1. Duration
Monday, November 14th, 2022 - Saturday, November 19th, 2022
2. Learning Record
2.1 Fine-Tune the ViT Model
Fine-tuned the vision transformer model on the cat_and_dag dataset and the flowers dataset. The model achieved approximately 86% accuracy on the flowers dataset.
I also refactored the code for micro-expression spotting to fit the input shape of the vision transformer. But the result was as bad as shit. I needed time to fine-tune the hyperparameters.
2.2 Learned Swin Vision Transformer
I found a different structure of vision transformer called Swin Vit. I watched the video and planned to read the code the next week.
2.3 Learned SL-Vit
I read the paper [1] and refactored the code using TensorFlow to make its structure be similar to the vision transformer code shown in the d2l notebook.
The code worked well and gave a similar result on the cat_and_dog dataset and the flowers dataset.
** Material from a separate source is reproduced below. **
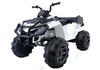 Quad na akumulator BDM 0909 Biały 24V
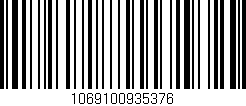 Código de barras (EAN, GTIN, SKU, ISBN): '1069100935376'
I read the code carefully and found the SL-Vit changes the patch embedding and multilayer attention module of the vision transformer.
3. Feeling
I don't have any good feelings even though the code ran well as I was blocked in my dorm for ten days.
4. Reference
[1]S. H. Lee, S. Lee, and B. C. Song, “Vision Transformer for Small-Size Datasets.” arXiv, 2021. doi: 10.48550/ARXIV.2112.13492.